The Dartmouth Bicycle Club was founded in the early 1960s by Dan Dimancescu ’64. After leading the University of Connecticut to an Intercollegiate National Title in 1961, Dimancescu transferred to Dartmouth the next year and brought his passion for competitive cycling with him. While the Dartmouth team failed to take off over the next few years, it resurfaced in the late 1970s by winning five straight Ivy League titles from 1977 to 1981.
The sport has changed signficantly since the 1970s, but the team’s passion for competitive cycling is still just as strong.
Dartmouth’s cycling team won four consecutive League championships from 2002-2005. There are currently 25 undergraduate and graduate students on the team, numbers which are fairly consistent from year to year. The team has had its fair share of talented riders, including former professional cyclists Eric Schildge ’10 and Toby Marzot ’09.
While the Big Green’s primary focus is on its spring road-racing season from March to May, some bikers also compete in less publicized events in the fall. Nick Wimer ’12 and Ellen Anderson ADV’16 have already won races this season. The team’s biggest races are the Eastern Conference Championships and the USA Cycling Collegiate National Championships, which are both highly competitive events.
Although cycling does not have a strong contigent in sporting circles — those who watch are usually cyclists themselves or those fair-weathered fans who only tune in for the Tour de France — collegiate cycling has gained more attention in recent years.
“I think it’s an extremely exciting time for the team because throughout the [Eastern Collegiate Cycling Conference], people and riders treat this as a varsity sport,” team social chair Joshua Hall ’14 said. “And I believe we may soon be in a transition phase where the cycling team may become a varsity sport.”
Team members come from a diverse range of cycling backgrounds. While riders like Max Jentzsch ’15 — who rode professionally in Germany before matriculating at Dartmouth this fall — bring a wealth of experience to the Big Green, other students join the team as recreational riders. The team encourages riders of all skill levels to join, according to its website.
“Many team members start with little or no prior experience,” Dartmouth cycling president Matt Nichols ’13 said. “Mentoring new riders is part of the team’s mission.”

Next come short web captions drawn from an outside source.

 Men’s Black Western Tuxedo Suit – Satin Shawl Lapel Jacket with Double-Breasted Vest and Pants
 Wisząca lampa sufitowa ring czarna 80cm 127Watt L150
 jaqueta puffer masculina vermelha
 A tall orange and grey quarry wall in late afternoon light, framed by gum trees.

Like many Dartmouth club teams, the cycling team sometimes struggles with attempting to compete at a high level and spread awareness about its sport.

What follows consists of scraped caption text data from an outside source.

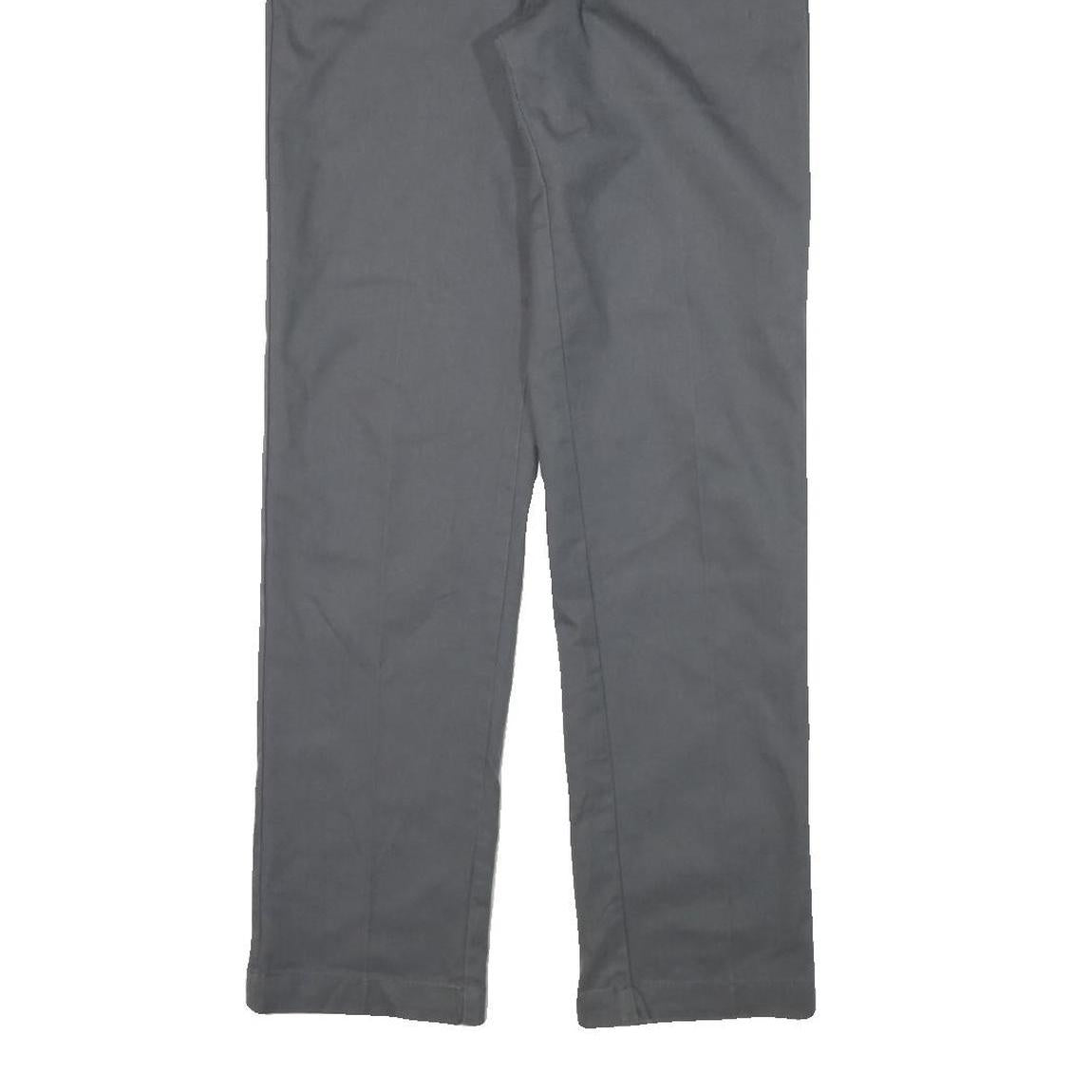 DICKIES Mens Cotton Blend Grey Regular Straight Trousers W28 L29 Workwear Zip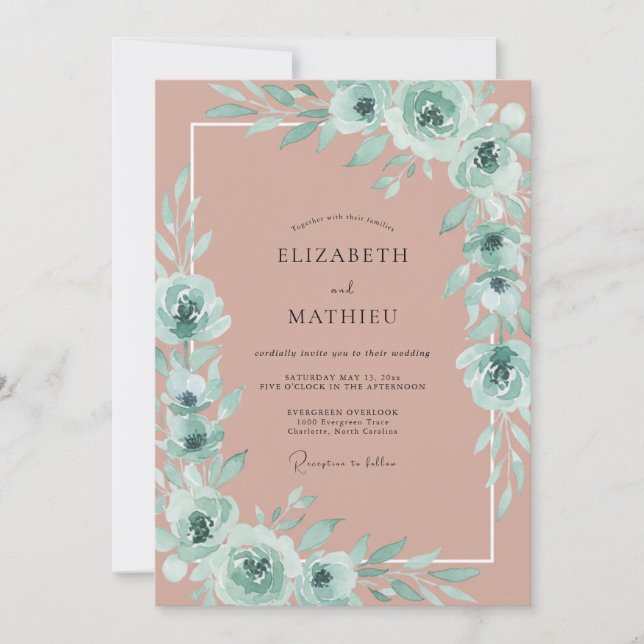 Invitación Boda Floral Serena Malva (Anverso)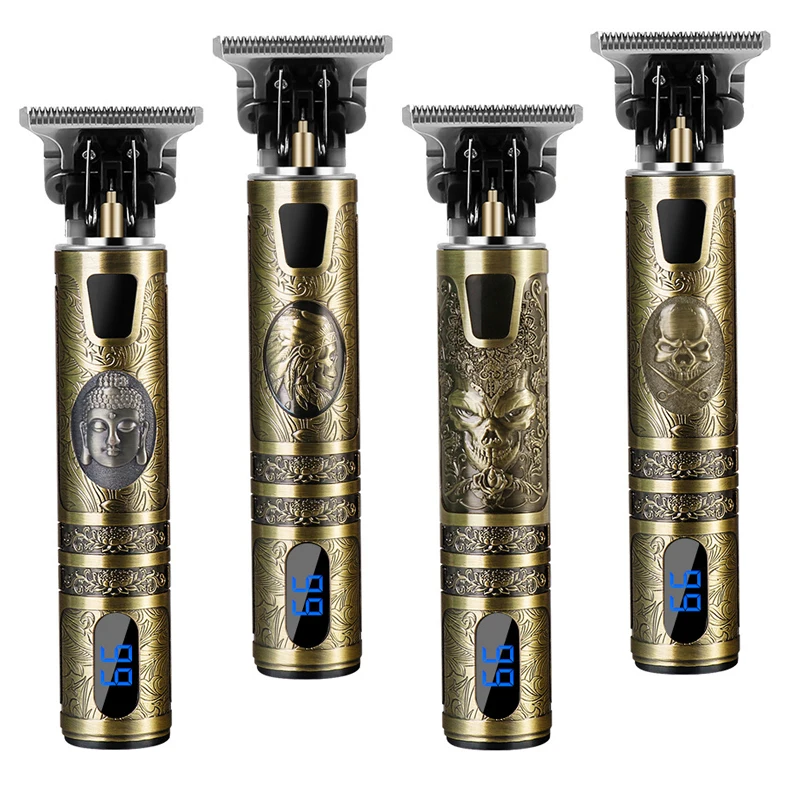 USB Rechargeable Portable Baldheaded Hair Cut Machine Electric Machine Hair Trimmer with LCD Display Screen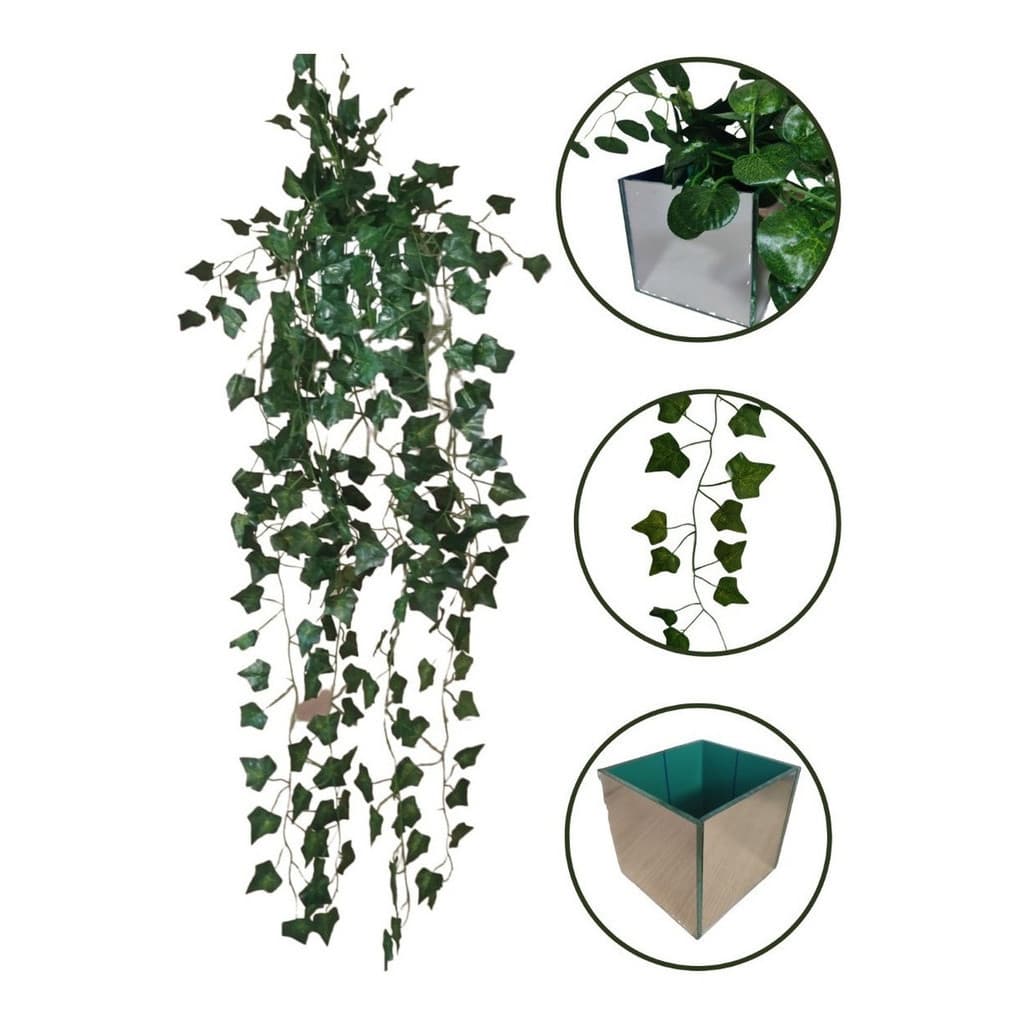 Vaso Espelhado C/ Arranjo De Planta Caída Sala Pendente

“Balancing athletics with academics is a challenge that we all embrace,” Nichols said. “As an entirely student-run team, our team leaders also have sizable responsibilities beyond just riding their bikes.”

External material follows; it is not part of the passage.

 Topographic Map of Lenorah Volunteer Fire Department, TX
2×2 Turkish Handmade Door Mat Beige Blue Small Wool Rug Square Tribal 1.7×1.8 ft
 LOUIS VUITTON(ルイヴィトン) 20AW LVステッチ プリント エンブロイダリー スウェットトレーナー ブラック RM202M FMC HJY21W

As a club team, the cyclists do not have a coach, and instead must organize their own racing schedule. Trying to get bids into competitive races and dealing with the entire team’s financials can be a daunting task.
“Last year we limited the Dartmouth race to an individual time trail and the frat row criterion because these are cheaper and easier to organize,” Dan Holmdahl ’14, the team’s vice president, said in an email to The Dartmouth.
Nichols added that cycling’s busy race schedule can pose further difficulties.
“Performing 25-plus races in a season is a major challenge, especially with the cold and wet weather we face,” he said.
While maintaining active membership on the cycling team is not an easy undertaking, Nichols said the Big Green is enthusiastic about cycling.
“Personally, this team has been my passion for the past two years, and I thank my predecessors, Isaiah Berg [’11] and Michael Rea [DMS ’08], for their lessons in leadership,” Nichols said. “From the joy of qualifying for Nationals as a freshman to the frustration of breaking my collarbone as a sophomore, I feel I’ve paid my dues and I’m ready to be a major player in the conference this year.”